Indian dancer (1908–1993)

Keremane Shivarama Hegde (21 June 1908 – 1993) was an Indian dancer. He is the founder of the Yakshagana troupe Idagunji Mahaganapathi Yakshagana Mandali He is the first Yakshagana artist to receive the Rashtrapati Award (President's Award). He was given the Sangeet Natak Akademi Award for 1970.

He was born in a remote place called "Keremane" of Gunavante, in the Honnavar Taluk of Uttara Kannada District into a family of Havyaka Brahmins. Owing to the difficult times he fully embraced the art, grew with it and helped to flourish. He could not complete his primary education because of poverty and to earn a living he had to do odd jobs like driving a bus and booking tickets. He started performing Yakshagana from a young age of 14. Later, he toured around the state of Karnataka and India with his troupe and started earning various awards for his efforts. Late Annuhittalu Sadananda Hegde and the Yakshaganic aura in the locality induced the intricacies of the art form into him.

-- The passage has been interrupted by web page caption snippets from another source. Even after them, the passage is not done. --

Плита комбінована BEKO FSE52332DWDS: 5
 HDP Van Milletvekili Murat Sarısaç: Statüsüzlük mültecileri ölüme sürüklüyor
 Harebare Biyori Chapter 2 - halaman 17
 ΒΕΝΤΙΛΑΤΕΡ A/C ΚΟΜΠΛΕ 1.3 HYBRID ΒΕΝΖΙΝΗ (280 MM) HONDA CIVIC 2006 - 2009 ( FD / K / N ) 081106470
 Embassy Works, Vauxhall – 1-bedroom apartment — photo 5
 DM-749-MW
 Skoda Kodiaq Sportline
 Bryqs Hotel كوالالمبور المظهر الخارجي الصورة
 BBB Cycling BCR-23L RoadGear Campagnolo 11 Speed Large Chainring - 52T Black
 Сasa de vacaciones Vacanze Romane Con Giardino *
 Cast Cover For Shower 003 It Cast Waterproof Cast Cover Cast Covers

== Foundation of the Yakshagana Troupe ==
In 1934, though there was severe financial crisis in his family, he founded Idagunji Mahaganapati Yakshagana Mandali with the money that he had saved from doing other works. The Troupe was named after the family deity Lord Ganapati of Idagunji in whom he had a strong devotion. His passion towards the art and the establishment of a troupe of like minded people contributed a lot to the development of Yakshagana.

== Contributions ==
Hegde's contributions include search and encouragement of best talents, performing of traditional episodes, an effective and multidimensional depiction of a character of the Prasanga (the ‘act’) and extension of Yakshagana to wider geographical area. He was famous for the wit in his dialogues and also for slow and vivid revealing of the character in a Prasanga ('Act' or story) which is scarce in current performances.

He also used Yakshagana as a medium in the propagation of India’s freedom movement. The Yakshagana Mandali, founded by him, has proved its dynamic existence, by giving performances in various parts of the state, country and abroad. His life and contributions became a subject of research in Yakshagana. Beside stage direction and delineation of characters, Keremane Shivarama Hegde showed his skills in organisational abilities too. When he realised that the Yakshagana art will not survive solely on the support of the temple precincts, he established the idea of a professional troupe to promote the Yakshagana.

He was awarded by Central Sangeeth Nataka Academi, New Delhi (1970) and Karnataka State Award (1965) for his outstanding achievements in Yakshagana. He made many sacrifices and saw ups and downs in life at the cost of his passion, his organisation and his cultural journey. His life is an inspiration behind journey of our institution.

His autobiography “Nenapina Rangasthala” was published as a book by the Akshara Prakashana, Heggodu in the year 1996.